While Alban says that is promising, he also cautions against drawing any last conclusions.

“It's too short a window,” he says. “Again, optimistic, hopeful, and it's good not to find that. At these numbers, that's, that's solid. But you don't go throwing a parade yet. We've got to keep monitoring, and watching.”

He doesn’t discount the possibility that additional research, in time, could uncover an uptick in more advanced cancers.

“You’ve got to look at the numbers and look, monitor over time to see what's going on,” he says.

(See part of our conversation with Christopher Alban of Epic. The story continues below.)

‘Keep an eye on this’

Going forward, Alban says, “We need to keep an eye on this because there may be more people who fell through the cracks that we need to be ready to catch.”

Epic researchers examined 373,574 cancer diagnoses in patient charts between Jan. 1, 2018 through Dec. 31, 2022. They also looked at data from Jan. 1, 2018 through Dec. 31, 2019 - a baseline before the arrival of COVID-19 - and compared weekly diagnosis rates.

While there was a drop in screenings and cancer rates early in the pandemic, cancer exams rose, along with typical cancer rates, the researchers said. From 2020-2022, there was not a significant jump in cancer diagnoses, according to the study.

Health systems and previous studies found, understandably, a decline in cancer screenings earlier in the COVID-19 pandemic. In the first months after the arrival of COVID-19, some hospitals scaled back non-emergency procedures and other services.

A study which examined hundreds of cancer programs between April and June 2021 found a 55% drop in breast cancer screenings, an 80% drop in colon cancer screenings and a 69% decline in screenings for cervical cancer; the findings were published in Cancer in March 2022.

In October, some health systems told Chief Healthcare Executive that breast cancer screenings have rebounded, but they remain below pre-pandemic levels.

Nationwide, screenings appear to have returned to typical levels, Alban says, but it’s certainly plausible that some areas are still seeing a lag in cancer exams.

Consider outreach

Health systems and hospitals should be looking at their own health records to see if there are increases in certain cancer diagnoses, Alban says. Some hospitals say they have seen sicker patients, who have required longer stays, due to deferred care in the pandemic, the American Hospital Association said in a report last August.

He also says systems should also be reviewing their numbers on cancer screenings to see if some patients have fallen behind.

“For any individual healthcare organization, you want to be looking internally at your own numbers, your own processes,” he says. “And understanding, where are we doing well, where are we not, where do we need to focus attention to ensure our patients get in? Do we need to do a campaign? Do we need to do outreach?”

Some health systems may also need to employ new methods of outreach if they are seeing a drop in screenings, among underserved populations.

“Recognize that they're not all the same,” Alban says. “We have equity issues, we have access challenges.

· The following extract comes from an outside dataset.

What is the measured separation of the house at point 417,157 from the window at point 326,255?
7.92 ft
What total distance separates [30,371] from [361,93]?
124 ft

How do we think about those and putting programs in place, engagement processes to connect with them, and meet them on their own terms?”

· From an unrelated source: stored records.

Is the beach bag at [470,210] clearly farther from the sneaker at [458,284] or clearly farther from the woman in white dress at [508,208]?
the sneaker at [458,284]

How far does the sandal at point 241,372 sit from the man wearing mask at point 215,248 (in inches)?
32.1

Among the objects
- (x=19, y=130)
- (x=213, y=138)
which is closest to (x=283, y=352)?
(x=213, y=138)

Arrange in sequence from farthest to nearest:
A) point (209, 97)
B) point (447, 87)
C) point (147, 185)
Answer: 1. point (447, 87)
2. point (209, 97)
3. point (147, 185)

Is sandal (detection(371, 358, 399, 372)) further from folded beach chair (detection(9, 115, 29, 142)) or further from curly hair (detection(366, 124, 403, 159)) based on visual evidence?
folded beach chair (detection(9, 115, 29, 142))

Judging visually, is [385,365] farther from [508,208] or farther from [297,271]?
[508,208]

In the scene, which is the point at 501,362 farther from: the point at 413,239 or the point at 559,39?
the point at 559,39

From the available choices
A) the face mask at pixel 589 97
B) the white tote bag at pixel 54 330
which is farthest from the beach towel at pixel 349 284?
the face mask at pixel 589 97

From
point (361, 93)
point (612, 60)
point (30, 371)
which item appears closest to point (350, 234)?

With more than 25 years as an informaticist, Alban says he’s heartened to be able to use the data from electronic health records and produce such broad studies in a relatively short amount of time.

“This is one of the holy grails of doing electronic medical records,” he says.

“Having some of that data in a standardized way that can be aggregated in safe and protected ways to be able to look at these sort of descriptive statistics … and understand what's actually happening at a large scale.”

To be able to take data and turn it around in weeks “is crazy,” he says. “And that’s crazy good. That’s the reward of this.”

“Now, it's different than doing a randomized control trial,” he adds. “We're looking at descriptive statistics. So there's limits to what you can do here. But still, there's a lot you can do here.”

Health systems can take that data and now use it as a tool to examine their own communities, and to see if some groups are being missed or need more attention.

“Take a look at your own stuff, look at where your concerns might be, and make sure you reach out effectively to your patient populations,” Alban says.